RECORDS FOR THIS EXERCISE —
····················

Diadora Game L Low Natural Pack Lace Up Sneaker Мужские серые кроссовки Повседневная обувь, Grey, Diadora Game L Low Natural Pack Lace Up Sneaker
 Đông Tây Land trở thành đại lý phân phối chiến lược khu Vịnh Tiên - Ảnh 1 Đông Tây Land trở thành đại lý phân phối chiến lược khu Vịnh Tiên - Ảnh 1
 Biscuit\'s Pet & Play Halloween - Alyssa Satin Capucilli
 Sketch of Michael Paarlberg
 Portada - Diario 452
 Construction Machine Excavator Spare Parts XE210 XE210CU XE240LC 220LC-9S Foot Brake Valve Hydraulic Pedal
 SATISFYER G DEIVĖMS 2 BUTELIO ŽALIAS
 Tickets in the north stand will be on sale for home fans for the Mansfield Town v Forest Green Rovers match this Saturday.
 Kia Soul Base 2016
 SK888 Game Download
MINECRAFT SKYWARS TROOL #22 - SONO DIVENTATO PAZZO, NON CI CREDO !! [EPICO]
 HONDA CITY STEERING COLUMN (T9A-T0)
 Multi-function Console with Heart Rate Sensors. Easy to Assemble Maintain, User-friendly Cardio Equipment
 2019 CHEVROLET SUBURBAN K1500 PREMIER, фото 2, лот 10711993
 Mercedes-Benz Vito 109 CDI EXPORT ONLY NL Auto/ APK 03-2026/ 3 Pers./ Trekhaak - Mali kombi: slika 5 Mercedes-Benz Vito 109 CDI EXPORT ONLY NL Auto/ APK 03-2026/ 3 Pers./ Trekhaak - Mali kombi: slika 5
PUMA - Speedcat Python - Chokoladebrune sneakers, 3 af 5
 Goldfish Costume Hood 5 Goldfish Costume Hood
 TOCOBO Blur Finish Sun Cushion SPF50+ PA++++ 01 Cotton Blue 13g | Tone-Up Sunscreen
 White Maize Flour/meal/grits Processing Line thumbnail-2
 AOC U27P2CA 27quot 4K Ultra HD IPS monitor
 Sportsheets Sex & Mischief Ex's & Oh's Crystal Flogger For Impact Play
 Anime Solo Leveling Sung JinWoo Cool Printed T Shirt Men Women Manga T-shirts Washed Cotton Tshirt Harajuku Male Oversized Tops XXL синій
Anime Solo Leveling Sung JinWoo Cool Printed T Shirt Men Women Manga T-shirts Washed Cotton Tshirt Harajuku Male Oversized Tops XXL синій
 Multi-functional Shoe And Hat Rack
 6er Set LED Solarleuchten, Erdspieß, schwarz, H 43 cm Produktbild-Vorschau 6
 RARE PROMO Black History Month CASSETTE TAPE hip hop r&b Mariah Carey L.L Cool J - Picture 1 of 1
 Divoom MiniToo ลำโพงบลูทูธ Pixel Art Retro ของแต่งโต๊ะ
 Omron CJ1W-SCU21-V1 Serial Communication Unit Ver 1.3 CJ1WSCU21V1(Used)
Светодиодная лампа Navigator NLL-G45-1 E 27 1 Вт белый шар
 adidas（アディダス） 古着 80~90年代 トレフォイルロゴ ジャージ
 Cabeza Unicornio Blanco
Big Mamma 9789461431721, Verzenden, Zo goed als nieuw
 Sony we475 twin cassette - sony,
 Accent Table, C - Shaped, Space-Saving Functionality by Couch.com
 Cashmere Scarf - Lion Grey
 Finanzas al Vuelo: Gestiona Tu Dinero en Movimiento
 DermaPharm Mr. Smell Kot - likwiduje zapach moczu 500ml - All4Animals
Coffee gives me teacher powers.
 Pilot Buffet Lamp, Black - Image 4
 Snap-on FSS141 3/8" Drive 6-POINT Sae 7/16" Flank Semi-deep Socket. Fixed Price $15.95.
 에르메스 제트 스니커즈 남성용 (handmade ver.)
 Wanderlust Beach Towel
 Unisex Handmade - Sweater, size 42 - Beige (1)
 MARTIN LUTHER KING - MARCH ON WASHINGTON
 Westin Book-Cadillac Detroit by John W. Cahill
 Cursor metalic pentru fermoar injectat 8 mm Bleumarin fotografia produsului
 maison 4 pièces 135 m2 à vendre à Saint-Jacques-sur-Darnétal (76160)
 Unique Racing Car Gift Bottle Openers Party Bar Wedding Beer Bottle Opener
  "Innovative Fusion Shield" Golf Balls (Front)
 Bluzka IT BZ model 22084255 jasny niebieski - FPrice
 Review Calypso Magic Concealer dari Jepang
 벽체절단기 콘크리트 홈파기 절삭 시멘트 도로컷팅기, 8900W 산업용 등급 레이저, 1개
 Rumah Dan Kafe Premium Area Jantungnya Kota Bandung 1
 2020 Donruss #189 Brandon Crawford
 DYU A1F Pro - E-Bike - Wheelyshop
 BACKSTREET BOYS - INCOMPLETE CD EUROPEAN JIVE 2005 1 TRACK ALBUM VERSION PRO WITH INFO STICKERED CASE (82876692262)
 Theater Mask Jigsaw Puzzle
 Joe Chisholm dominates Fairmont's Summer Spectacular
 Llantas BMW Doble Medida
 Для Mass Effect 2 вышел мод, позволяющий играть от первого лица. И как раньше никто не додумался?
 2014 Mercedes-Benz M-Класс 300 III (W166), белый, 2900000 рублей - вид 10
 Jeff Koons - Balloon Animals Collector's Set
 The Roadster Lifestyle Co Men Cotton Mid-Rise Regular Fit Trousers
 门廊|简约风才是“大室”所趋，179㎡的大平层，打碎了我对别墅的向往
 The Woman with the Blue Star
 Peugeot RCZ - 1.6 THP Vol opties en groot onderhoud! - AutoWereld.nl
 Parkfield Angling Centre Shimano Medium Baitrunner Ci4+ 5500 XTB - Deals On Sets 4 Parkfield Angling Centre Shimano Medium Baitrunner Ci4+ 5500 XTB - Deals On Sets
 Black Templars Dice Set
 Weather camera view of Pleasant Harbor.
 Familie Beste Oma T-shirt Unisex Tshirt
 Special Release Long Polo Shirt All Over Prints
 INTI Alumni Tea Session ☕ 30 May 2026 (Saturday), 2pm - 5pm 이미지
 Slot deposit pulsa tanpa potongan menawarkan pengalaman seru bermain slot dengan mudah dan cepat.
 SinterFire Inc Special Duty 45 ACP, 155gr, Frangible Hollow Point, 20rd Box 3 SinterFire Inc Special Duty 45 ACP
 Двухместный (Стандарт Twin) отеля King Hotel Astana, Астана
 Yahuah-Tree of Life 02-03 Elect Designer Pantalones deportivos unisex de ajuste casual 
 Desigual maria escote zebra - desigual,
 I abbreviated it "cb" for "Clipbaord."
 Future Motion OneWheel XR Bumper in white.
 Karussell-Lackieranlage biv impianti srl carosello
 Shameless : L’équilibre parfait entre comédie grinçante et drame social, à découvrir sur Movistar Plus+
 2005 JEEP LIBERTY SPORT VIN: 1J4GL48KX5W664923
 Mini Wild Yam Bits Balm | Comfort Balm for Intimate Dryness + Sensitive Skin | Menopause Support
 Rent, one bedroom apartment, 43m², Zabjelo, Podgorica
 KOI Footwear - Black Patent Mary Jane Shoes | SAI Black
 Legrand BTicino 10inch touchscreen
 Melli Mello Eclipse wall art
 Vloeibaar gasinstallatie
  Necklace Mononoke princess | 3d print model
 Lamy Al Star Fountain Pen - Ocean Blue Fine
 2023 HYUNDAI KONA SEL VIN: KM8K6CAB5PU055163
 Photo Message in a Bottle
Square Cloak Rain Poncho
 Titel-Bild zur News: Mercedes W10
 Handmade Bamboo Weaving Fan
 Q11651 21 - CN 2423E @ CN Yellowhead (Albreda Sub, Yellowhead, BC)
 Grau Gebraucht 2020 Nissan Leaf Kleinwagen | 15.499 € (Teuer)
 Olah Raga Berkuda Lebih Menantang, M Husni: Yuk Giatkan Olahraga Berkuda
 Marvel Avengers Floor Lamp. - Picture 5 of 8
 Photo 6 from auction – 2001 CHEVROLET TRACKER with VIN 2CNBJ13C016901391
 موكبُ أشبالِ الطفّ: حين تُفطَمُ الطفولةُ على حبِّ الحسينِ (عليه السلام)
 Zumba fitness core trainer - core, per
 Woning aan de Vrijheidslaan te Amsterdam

····················

TASK DESCRIPTION —
Would you print exactly and only the lines of the material above that run from the line with "벽체절단기 콘크리트 홈파기" through the line with "Karussell-Lackieranlage biv impianti", both included?

ANSWER TO THE PROBLEM —
 벽체절단기 콘크리트 홈파기 절삭 시멘트 도로컷팅기, 8900W 산업용 등급 레이저, 1개
 Rumah Dan Kafe Premium Area Jantungnya Kota Bandung 1
 2020 Donruss #189 Brandon Crawford
 DYU A1F Pro - E-Bike - Wheelyshop
 BACKSTREET BOYS - INCOMPLETE CD EUROPEAN JIVE 2005 1 TRACK ALBUM VERSION PRO WITH INFO STICKERED CASE (82876692262)
 Theater Mask Jigsaw Puzzle
 Joe Chisholm dominates Fairmont's Summer Spectacular
 Llantas BMW Doble Medida
 Для Mass Effect 2 вышел мод, позволяющий играть от первого лица. И как раньше никто не додумался?
 2014 Mercedes-Benz M-Класс 300 III (W166), белый, 2900000 рублей - вид 10
 Jeff Koons - Balloon Animals Collector's Set
 The Roadster Lifestyle Co Men Cotton Mid-Rise Regular Fit Trousers
 门廊|简约风才是“大室”所趋，179㎡的大平层，打碎了我对别墅的向往
 The Woman with the Blue Star
 Peugeot RCZ - 1.6 THP Vol opties en groot onderhoud! - AutoWereld.nl
 Parkfield Angling Centre Shimano Medium Baitrunner Ci4+ 5500 XTB - Deals On Sets 4 Parkfield Angling Centre Shimano Medium Baitrunner Ci4+ 5500 XTB - Deals On Sets
 Black Templars Dice Set
 Weather camera view of Pleasant Harbor.
 Familie Beste Oma T-shirt Unisex Tshirt
 Special Release Long Polo Shirt All Over Prints
 INTI Alumni Tea Session ☕ 30 May 2026 (Saturday), 2pm - 5pm 이미지
 Slot deposit pulsa tanpa potongan menawarkan pengalaman seru bermain slot dengan mudah dan cepat.
 SinterFire Inc Special Duty 45 ACP, 155gr, Frangible Hollow Point, 20rd Box 3 SinterFire Inc Special Duty 45 ACP
 Двухместный (Стандарт Twin) отеля King Hotel Astana, Астана
 Yahuah-Tree of Life 02-03 Elect Designer Pantalones deportivos unisex de ajuste casual 
 Desigual maria escote zebra - desigual,
 I abbreviated it "cb" for "Clipbaord."
 Future Motion OneWheel XR Bumper in white.
 Karussell-Lackieranlage biv impianti srl carosello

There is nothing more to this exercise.